A video on PXWeb will be made by the communication department of the Norway institute. INE and INSEE will send the questions for the interview.
Architecture
https://docs.google.com/document/d/1V154mfO4pkOXuNOljZeN2V80DoxmtZnTvA-Q3UO2Y6o/edit
The document is considered to be at the good level for architects who have to discuss with the managers. So, it will be interesting to have more feedbacks from managers about it. It is suggested to focus more on costs in order to make understand the interest of sharing. The document may be used in many ways, it can be seen online or used for a presentation in a workshop, it could be filmed … it is the main idea of this deliverable.
ARC
Presentation at : https://hackmd.io/@EgVaFRsUQ-ywTiFcXIsWig/H1t_OfXXP#/
The ESSNet core engine version is now the same as the INSEE ARC core engine production version. The deployment of the ARC ESSNet version in INSEE production is planned for the end of the year. ARC is more and more reused in INSEE. ESSNET helps a lot for that as it gives more visibility to the applications involved in the project. I3S helps ARC to enhance the quality, the performance and the documentation of the application. These are important points for the business decision makers.
ARC REST webservices to execute ARC modules have been developped in August. These webservices were needed for an internal ARC reuse case for the Insee project SIRENE4. This will also allow to finalize the ARC-IS2 integration for November. A further step will be to test the data and workflow sharing between ARC and Relais.
An ARC Tutorial has been written after the 16/06 virtual hackathon to present the ARC concepts and how to proceed with simple csv files : https://hackmd.io/@EgVaFRsUQ-ywTiFcXIsWig/rJzPiJp3U
Questions and remarks :
- What is the link between ARC and IS2 ? It will be a good thing to have a standalone ARC for heavy production, but it will also be a good thing to have ARC integrated into IS2 in order to be used directly by statistical expert. We can see that there arer two business cases here.
- Adding functionality in IS2 is currently a beta feature. Istat wants to have a roadmap for finalizing this functionality by the end of the ESSNet.
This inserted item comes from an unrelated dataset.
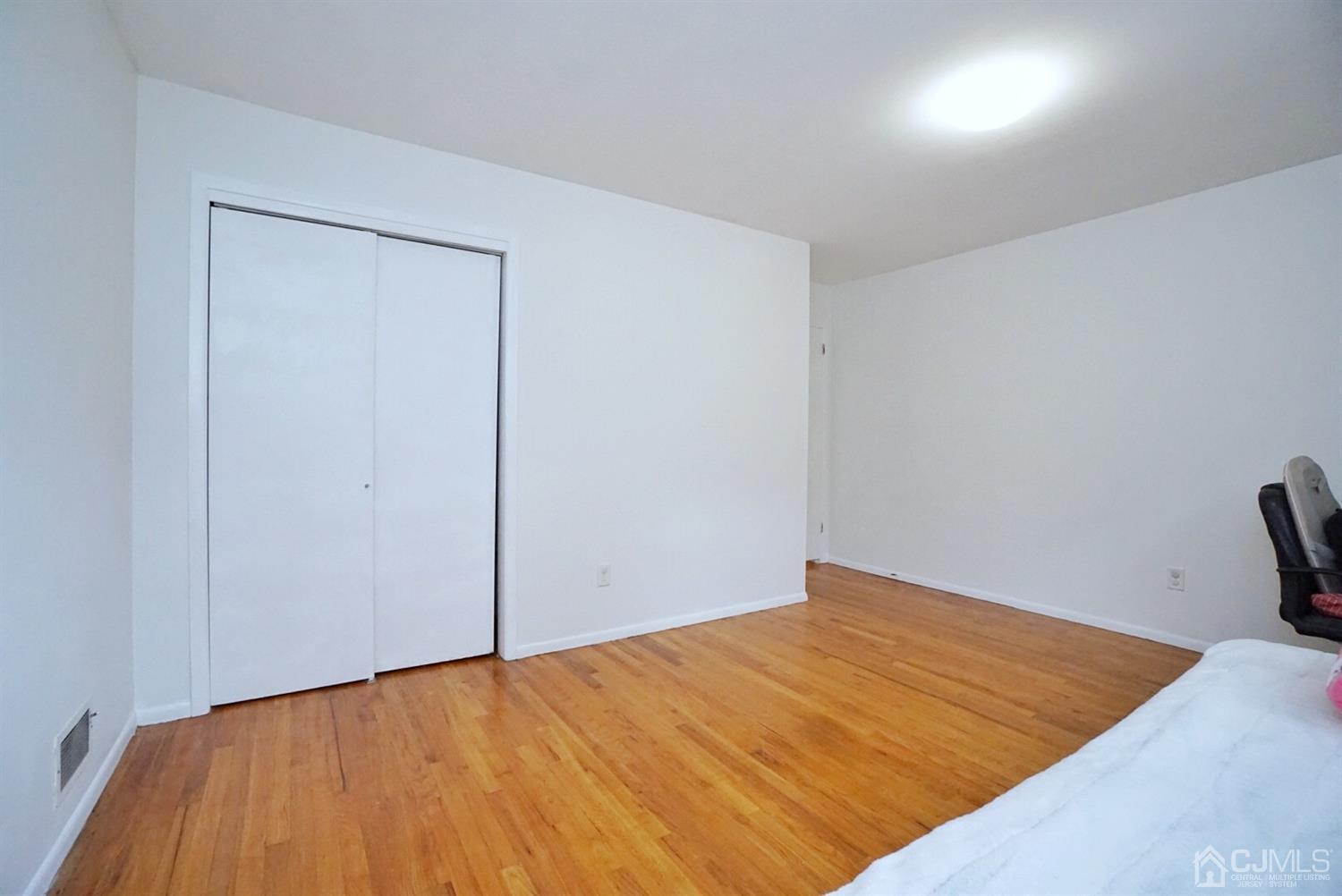 2 Malibu Drive Edison, NJ 08820 - Photo 25 of 40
- Have some efforts been made for configuring the database and choose the database engine (other than Postgresql for example) ? Not yet, an objective for ARC was to be able to load huge amounts of data, so the use of database is very optimized and specific to PostgreSQL. If it is needed to use another database engine or to load another kind of data sources, it will require a lot of developments.
Reuse case
Reuse test with the “Division for acquisition of administrative data and integration of sources” at Istat. Two administrative sources have been used on the collect and check input phases. The process has been redesigned according to the ARC model.
Communication
- A flyer is almost finished.
- A video will be made on the cooperation ARC-Relais (Manuel Soulier and somebody from Istat). INE and Insee will propose a list questions for the interview.
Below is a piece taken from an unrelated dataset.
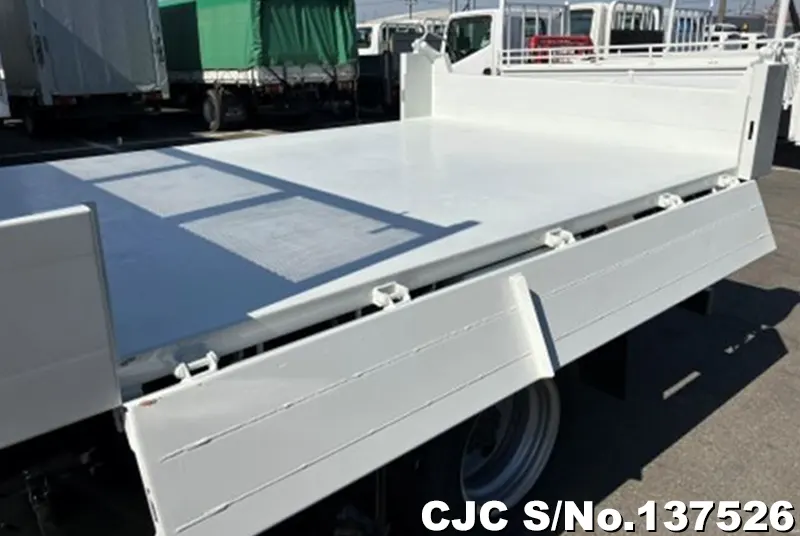 2016 Isuzu / Elf Stock No. 137526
Interview on multi-organization open source collaboration
National strategies:
- Norway: all the written code is on github, opensource softwares are used as much as possible. There are huge problems with vendor lockers. Proprietary Clouds could cause the same situation. How should we approach opensource development in a community like I3S ? How the code should be created ? A liberal licence is chosen in order not to be a problem for the people using the code. The NSI is using opensource softwares, is developing opensource softwares and creating a community around this developments. Creating opensource increases the quality of the code. A policy is defined, licences have been chosen. The most difficult point is the community.
- Sweden: for the softwares used internally, there is no strategy about opensource but things are changing. The statistics on the site are always opensource (in CCBy). For the developped softwares, it is a case by case choice. There are different stages of maturity in the staff. IT people are quite familiar with the concepts, but are struggling with the practical questions (who is responsible for the core, for fixing bugs …). Regarding developing opensource softwares, there is mainly PXWeb.
- Istat: there were a lot of lockings with vendors. Istat policy is not to publish all developped software in opensource, but for example, in project like I3S the strategy is to publish everything in opensource. No corporate github account, each developer has its own. It is thanks to project such as I3S that IStat use more and more collaborative tools. Globally, the maturity level is quite low, it depends on the skills of the staff. Istat started to put the code on github, but there are many different repositories. At the management level, there is not a good awareness of the subject, no process has been defined for producing opensource. Like in Sweden, there are problems with practical questions.
- Insee: a few years ago, Insee began to publish opensource software. But the organisation was decided bottom-up. Now things are changing, a strategy on the organisation is beginning to be defined. Insee is not at the first level of maturity, perhaps at the second one.
Summary of the level of maturity :
- Level 1: Istat
- Level 2: Sweden and France
- Level 3: Norway
A parenthesis on compliance: the Linagora mission will have a look at the code and provide recommandation regarding the property state ; for the users compliance is mainly a question of copyright respect and licences compatibility ; for the producers, compliance is mainly a question of copyright respect (respect of the contributions of the developers).
In order to make an auto-evaluation you have to answer these questions:
- what is your perception of your maturity ?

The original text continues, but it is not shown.